Sentman, 73, died when his RV-6 experimental aircraft collided with a Piper 32 in Levy County, Florida. Flying the Piper, Rainer Salm, 60,  and his wife, Alice Stuebling-Salm, also died. The Federal Aviation Administration will need several months to investigate before a report on the crash can be finalized.

Sentman spent nearly seven years building his aircraft, which he completed in 2008. He routinely flew the craft in Illinois and Florida, where he and his wife owned homes.

“It is hard to explain, but some people just have a passion for flight,” David Carroll, Sentman's former student and longtime colleague, told the Chicago Tribune. “He was one of those people who grew up when jets became real. He was a professor through the Apollo era when space got extremely exciting.”

Sentman began his career as an assistant professor at Illinois in 1965, after earning a bachelor’s degree in aeronautical engineering at Illinois in 1958, and a PhD in aeronautics and astronautics from Stanford University in 1965. He moved up the ranks, being named a full professor in 1979, and then retired in 2002. He served as AE Associate Department Head for a dozen years starting in 1987.

Among Sentman’s research interests were chemical lasers, mode-medium interactions, commercialization of high-energy chemical lasers, molecular dynamics, supersonic mixing reacting flows, fluid mechanics, kinetic theory and statistical mechanics and passive satellite attitude control. He directed the Chemical Laser Laboratory, involved in developing the fundamental understanding of the fluid dynamic, chemical kinetic and radiative interactions that determine continuous wave chemical lasers’ performance.

Sentman had received the American Institute of Aeronautics and Astronautics Plasmadynamics and Lasers Award in 2002, and was a Fellow of that society. He was honored with the W.L. Everitt Undergraduate Teaching Excellence Award from the College of Engineering at Illinois in 1969, and was named to the Outstanding Educators of America.
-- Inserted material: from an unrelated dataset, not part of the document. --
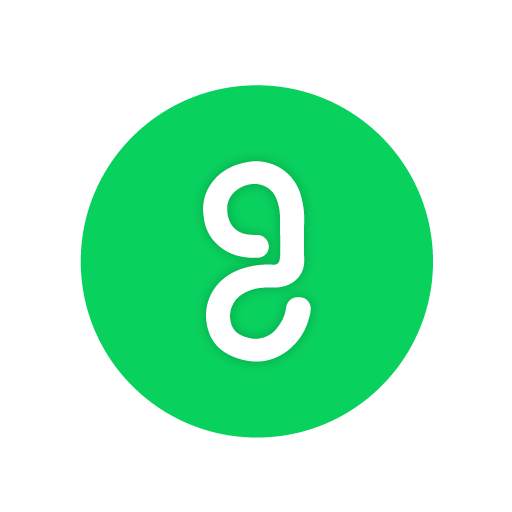 GUVI 2.0.5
Illinois’ AIAA Student Chapter twice chose Sentman as the Outstanding Teacher of the Year.

Lee had a no-nonsense approach to being a professor,” said his colleague, AE Emeritus Prof. John E. Prussing. “He was a tough taskmaster in the classroom and in his thesis advising. He expected and got the best from his students.”
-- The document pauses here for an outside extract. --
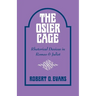 The Osier Cage: Rhetorical Devices in Romeo and Juliet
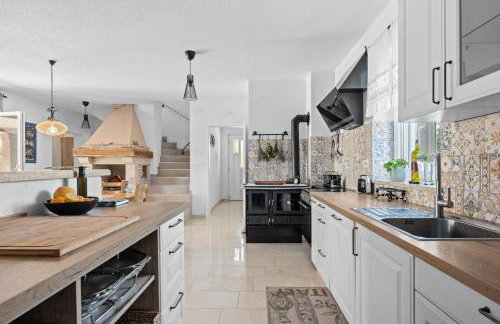 Villa Javor by Istrabook - Foto 26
Commented AE Emeritus Prof. Harry H. Hilton, “I have known Lee since the middle 1950s, when he attended several undergraduate classes that I then taught. He was an ardent contributor to the well being of the Department. He expected a great deal from his students but in the end they all benefited from his demands and attention. He shall be missed by all.”
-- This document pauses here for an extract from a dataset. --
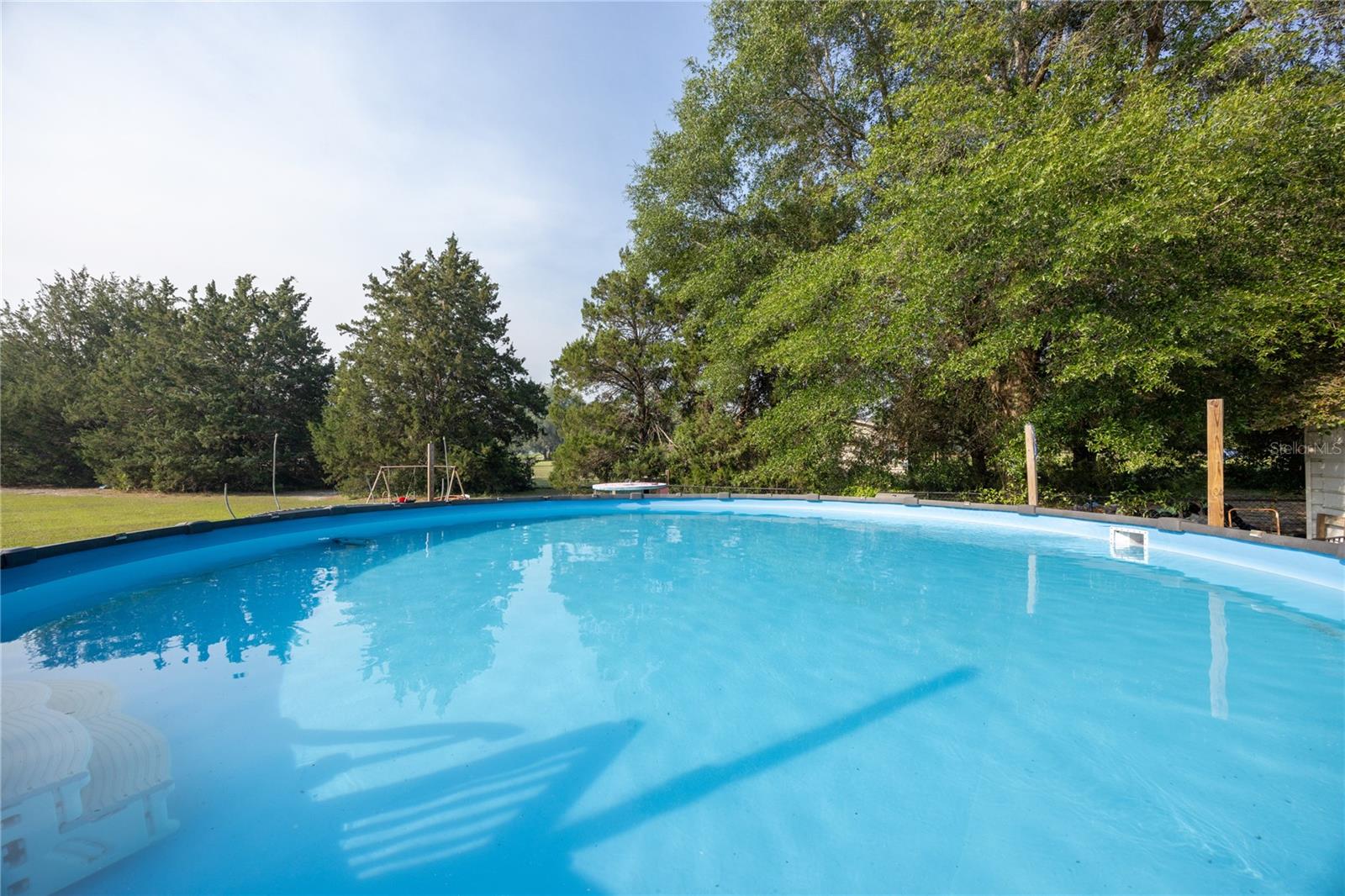 111 SW PRAIRIE ST, LAKE CITY, FL, 32024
Before finishing his PhD, Sentman worked as an engineer for Douglas Aircraft Corp., in Santa Monica, Calif., in 1957 and 1958; was a Guggenheim Fellow at Princeton University from 1958 to 1959; and was a dynamics engineer senior at Lockheed Missiles and Space Company in Sunnyvale, Calif., from 1959 to 1965.

He continued summer work as a research specialist for Lockheed (1968 and 1969); an aerospace engineer and a National Research Council Senior Postdoctoral Resident Research Associate for the Edwards Air Force Base Rocket Propulsion Laboratory (1971 and 1972, respectively); and a principal scientist for Bell Aerospace Co. in Buffalo, N.Y., (1973-1977).

Surviving are Sentman’s wife, Janice; children, Jeanne (Clay) Griswold of Florida, Charles (Mia) Sentman of New Hampshire, Christopher (Sandra) Sentman of Roselle and Jessica (Norman) Elwood of Tomah, Wis.; brother, John (Patricia) Sentman of Phoenix; and 11 grandchildren, Allison, Sarah, Julie, Kaisa, Isaac, Amelia, Elise, Leslie Kathleen, Elizabeth, Brieanna and Stephanie.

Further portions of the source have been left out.